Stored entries
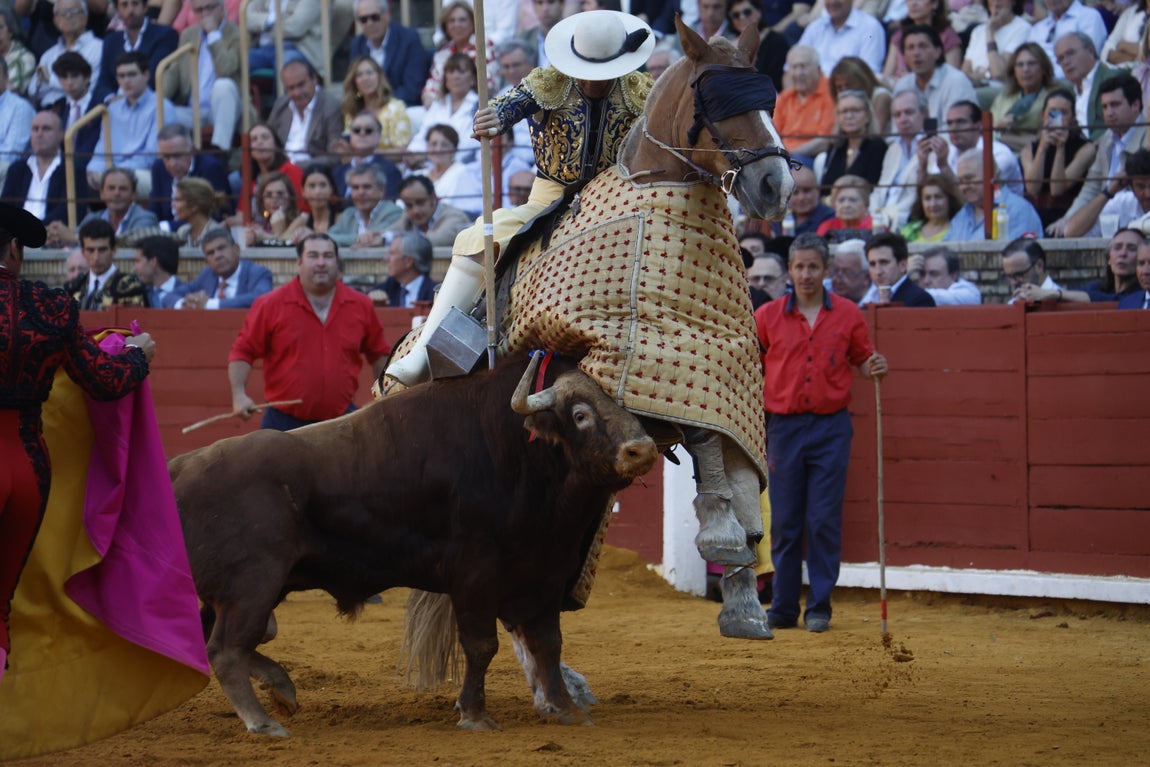 Ambiente de lujo y dos puertas grandes en la corrida de la Feria de Córdoba, en imágenes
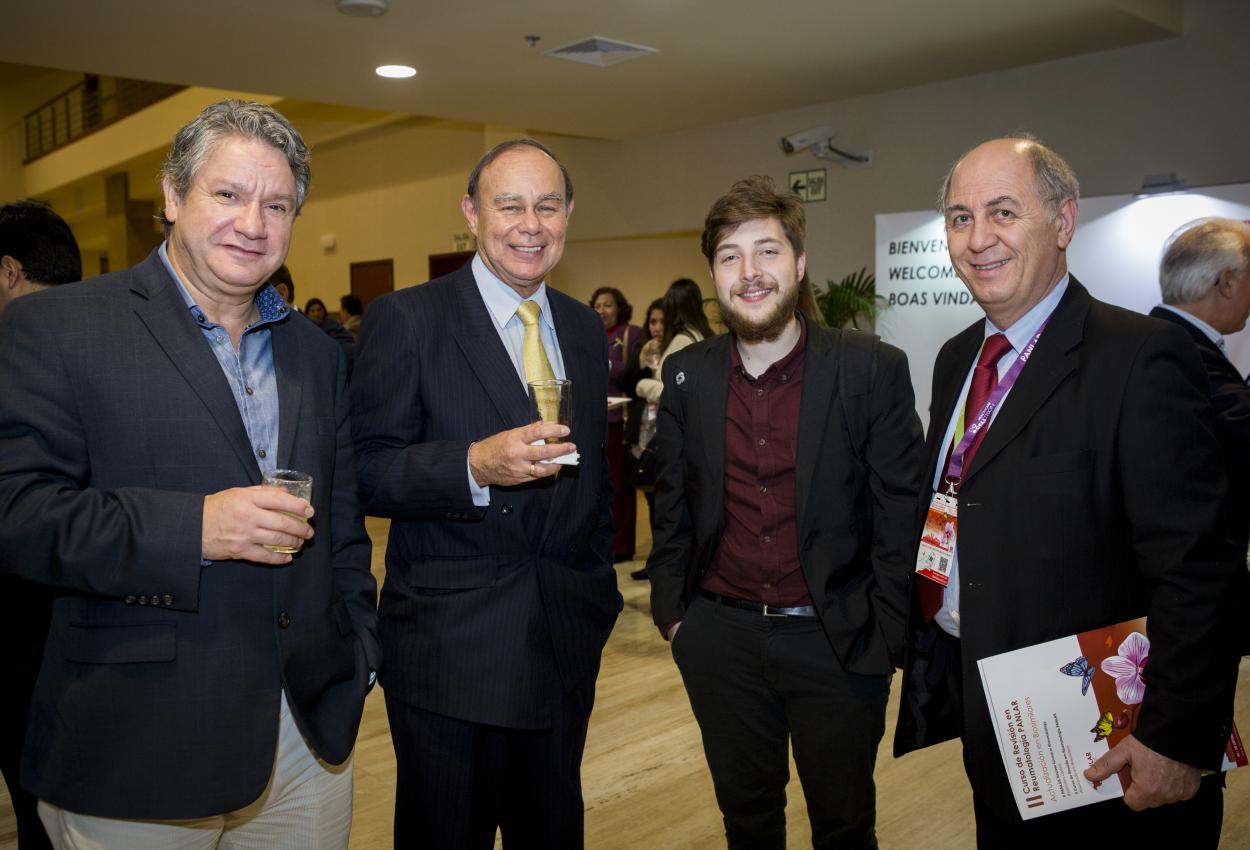 II Curso de revision en reumatologia - En imagenes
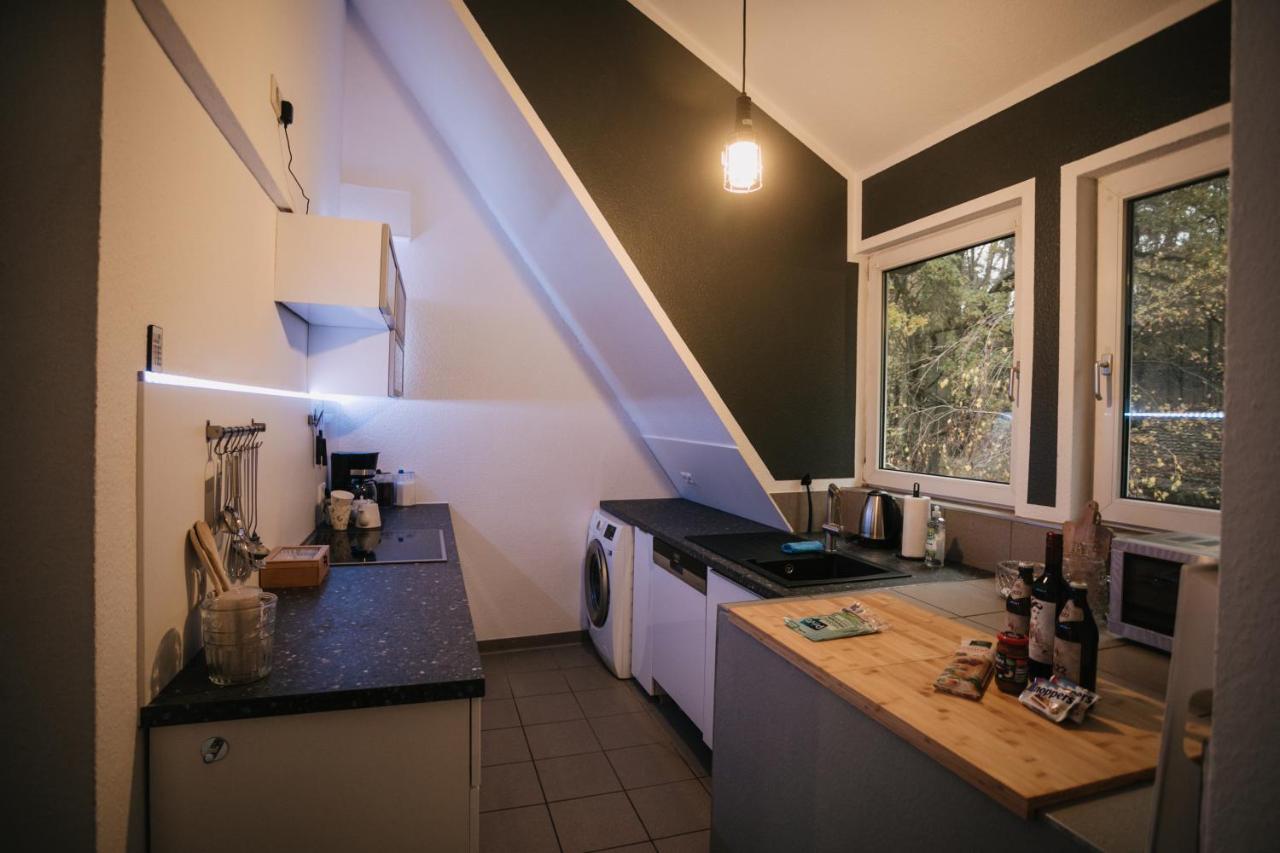 Eigenes Maisonettehaus In Idyllischer Lage Mit Balkon, Nahe Messe, 24H Self-Check In, Gratis Parken 슈바바하 외부 사진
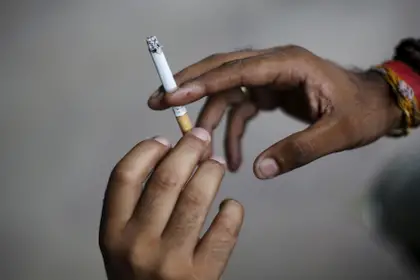 El compartir cigarrillos o el acto de llevar repetitivamente los dedos a la boca- aumenta la posibilidad de transmisión del virus /  REUTERS/Adnan Abidi/File Photo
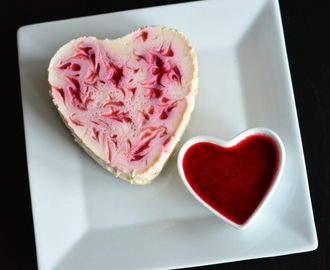 Naturlig proteinrik "ostekake" toppet med bringebærsaus - For en frokost!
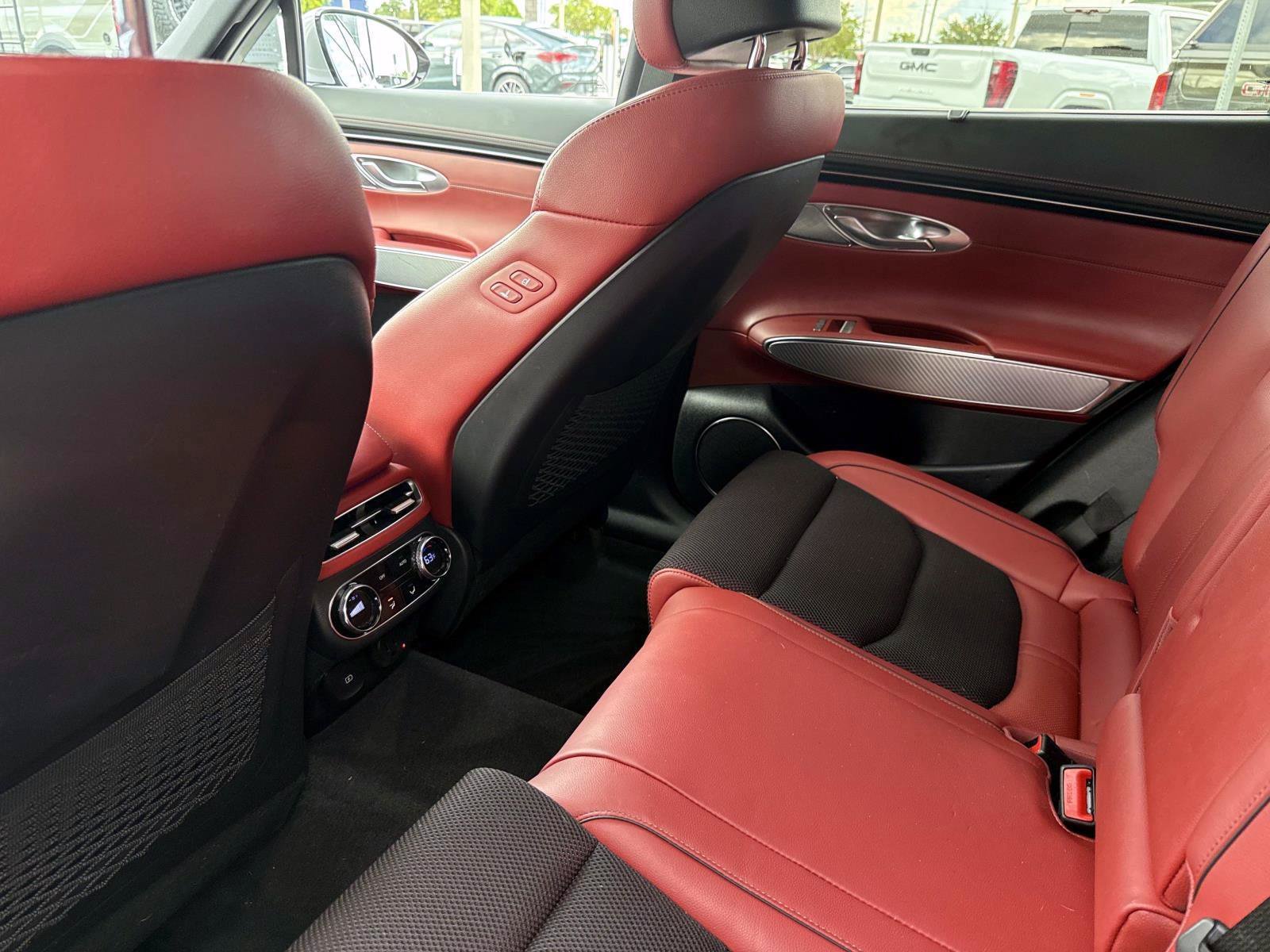 Used 2023 Genesis GV70 2.5T w/ Sport Prestige Package AWD/4WD image 15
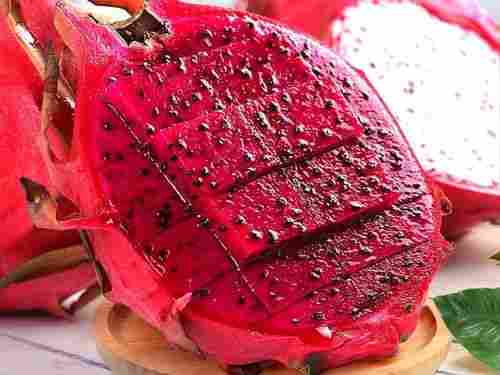 A Grade Dark Pink Dragon Fruit, Source Of Vitamin C, Carbohydrate & Protein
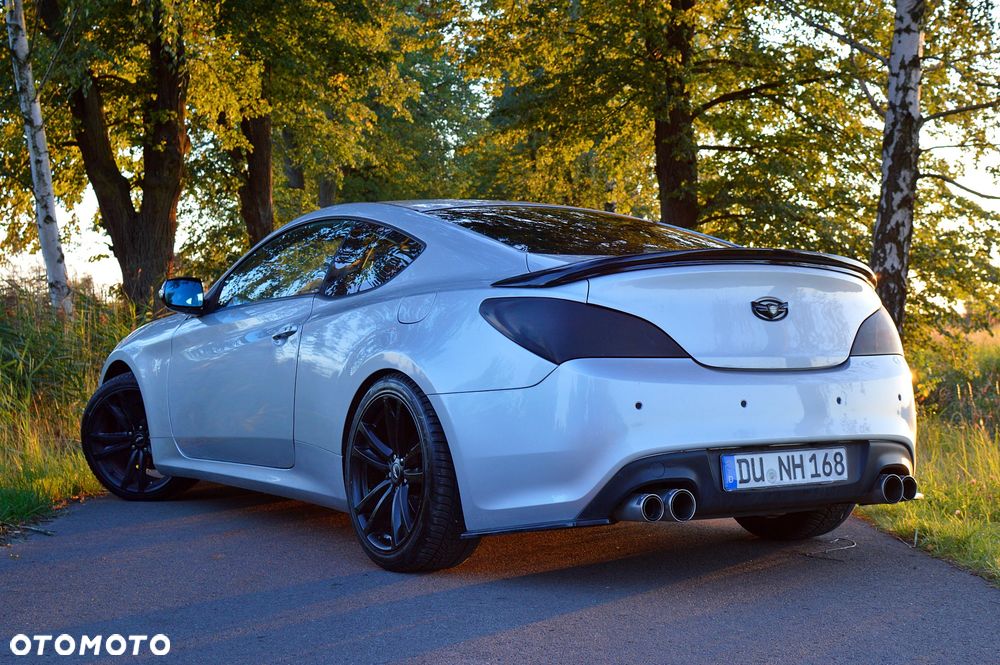 Hyundai Genesis Coupe - 5
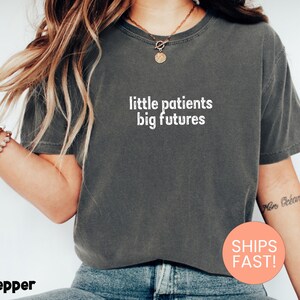 Comfort Colors® Little Patients Big Futures Shirt, Pediatric Nurse Shirt, Peds Nurse Gift, Pediatrician Tshirt, I Love My Patients Shirt afbeelding 2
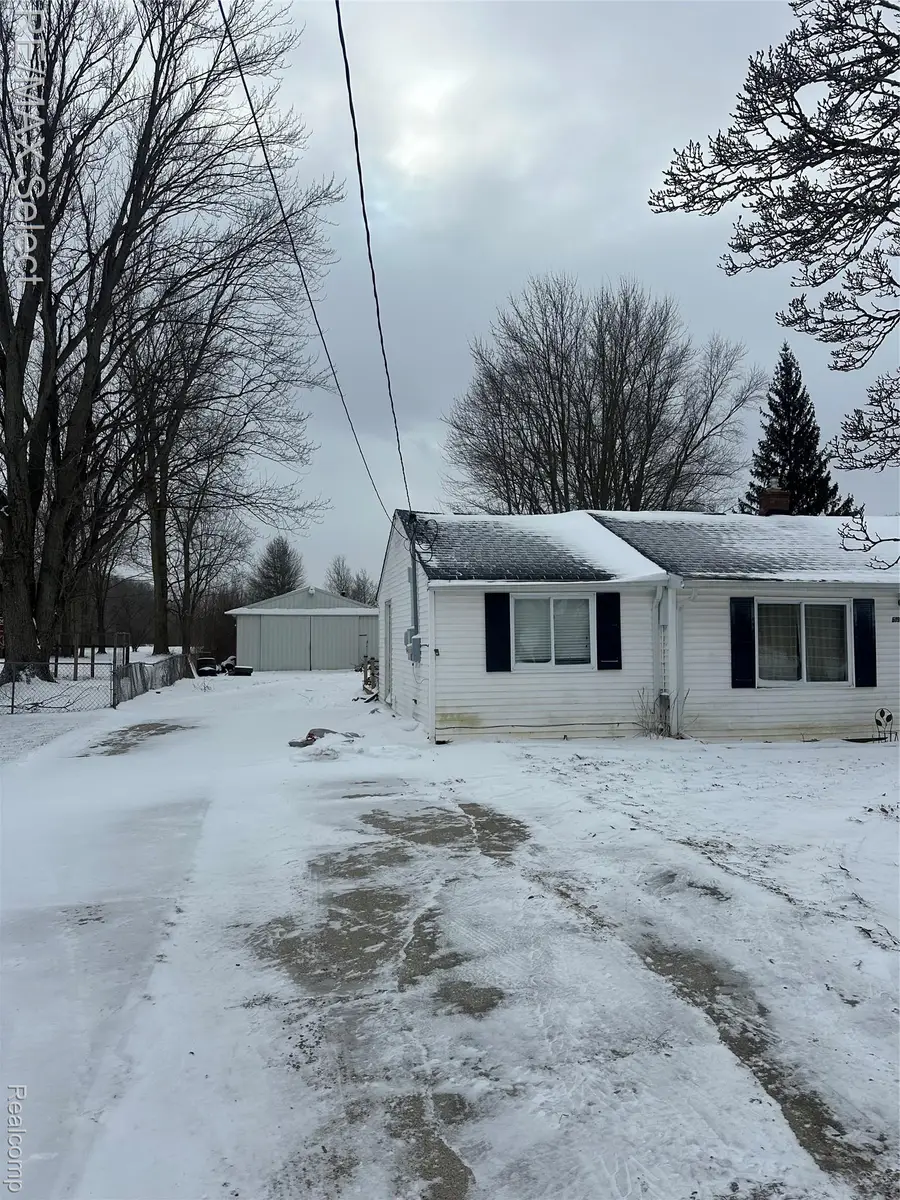5196 E Frances Road, Genesee, MI 48458 - Image #2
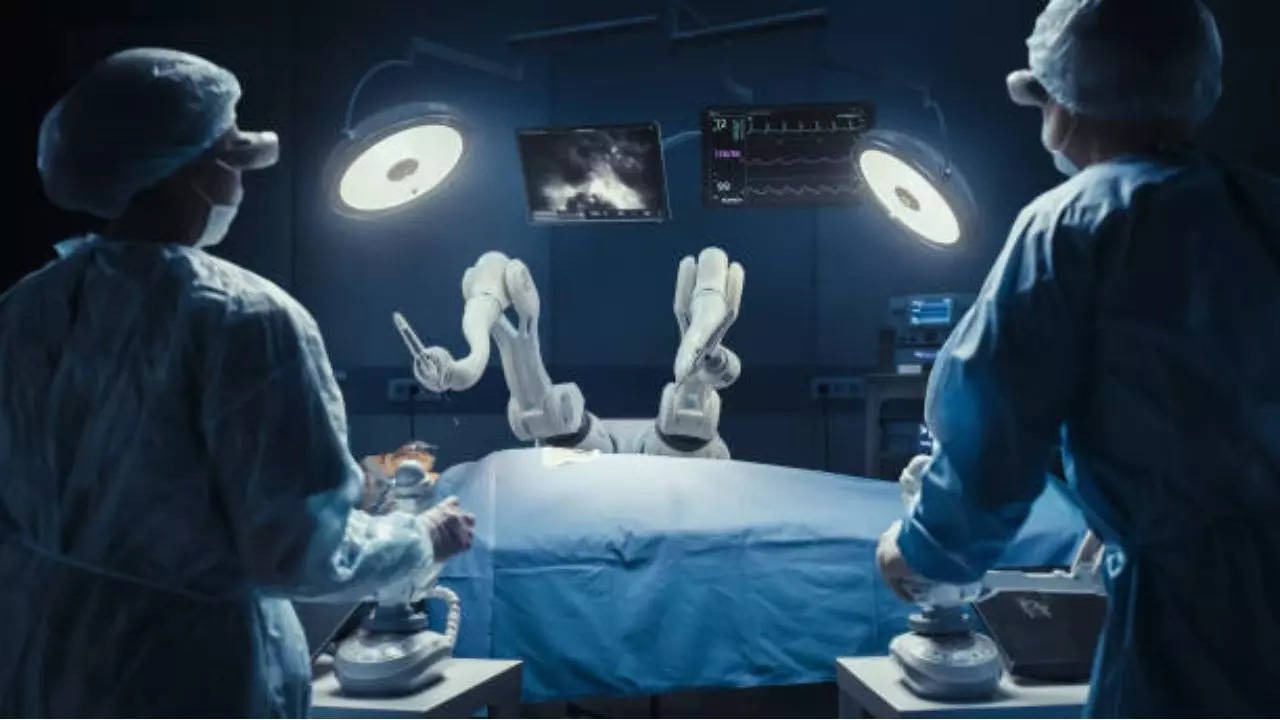 Apollo Kolkata Pioneers Robotic Surgery for Rare Prostatic Tumor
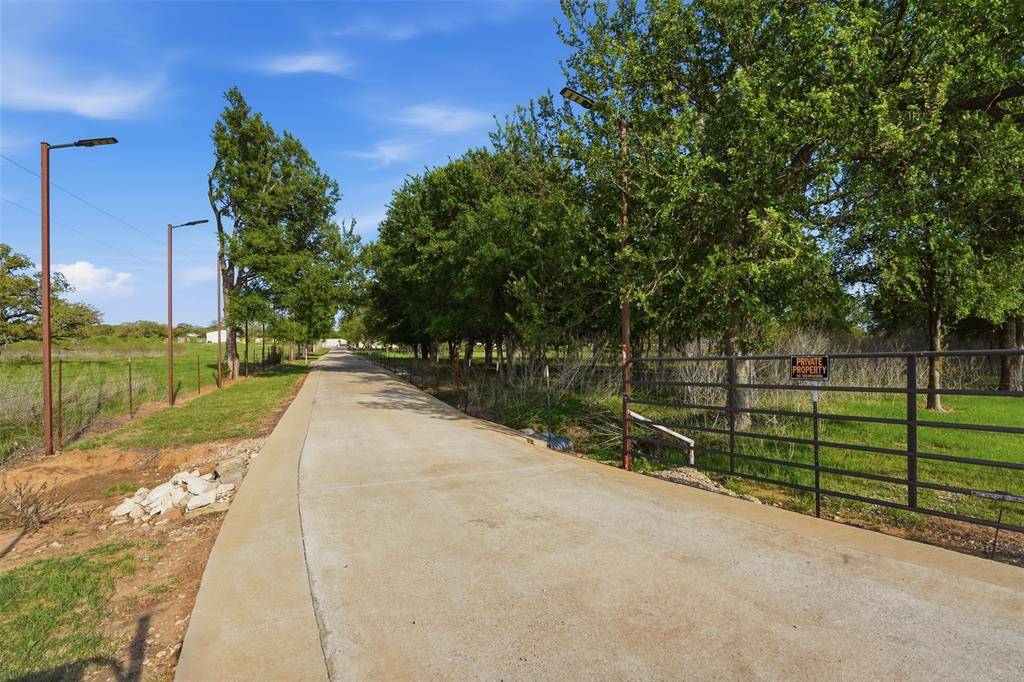 435 Gene Lee Road, Mineral Wells, TX 76067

--- What you are asked to do ---
The lines above should be transcribed exactly, with every image removed.

--- Solution below ---
 Ambiente de lujo y dos puertas grandes en la corrida de la Feria de Córdoba, en imágenes
 II Curso de revision en reumatologia - En imagenes
 Eigenes Maisonettehaus In Idyllischer Lage Mit Balkon, Nahe Messe, 24H Self-Check In, Gratis Parken 슈바바하 외부 사진
 El compartir cigarrillos o el acto de llevar repetitivamente los dedos a la boca- aumenta la posibilidad de transmisión del virus /  REUTERS/Adnan Abidi/File Photo
 Naturlig proteinrik "ostekake" toppet med bringebærsaus - For en frokost!
 Used 2023 Genesis GV70 2.5T w/ Sport Prestige Package AWD/4WD image 15
 A Grade Dark Pink Dragon Fruit, Source Of Vitamin C, Carbohydrate & Protein
 Hyundai Genesis Coupe - 5
 Comfort Colors® Little Patients Big Futures Shirt, Pediatric Nurse Shirt, Peds Nurse Gift, Pediatrician Tshirt, I Love My Patients Shirt afbeelding 2
5196 E Frances Road, Genesee, MI 48458 - Image #2
 Apollo Kolkata Pioneers Robotic Surgery for Rare Prostatic Tumor
 435 Gene Lee Road, Mineral Wells, TX 76067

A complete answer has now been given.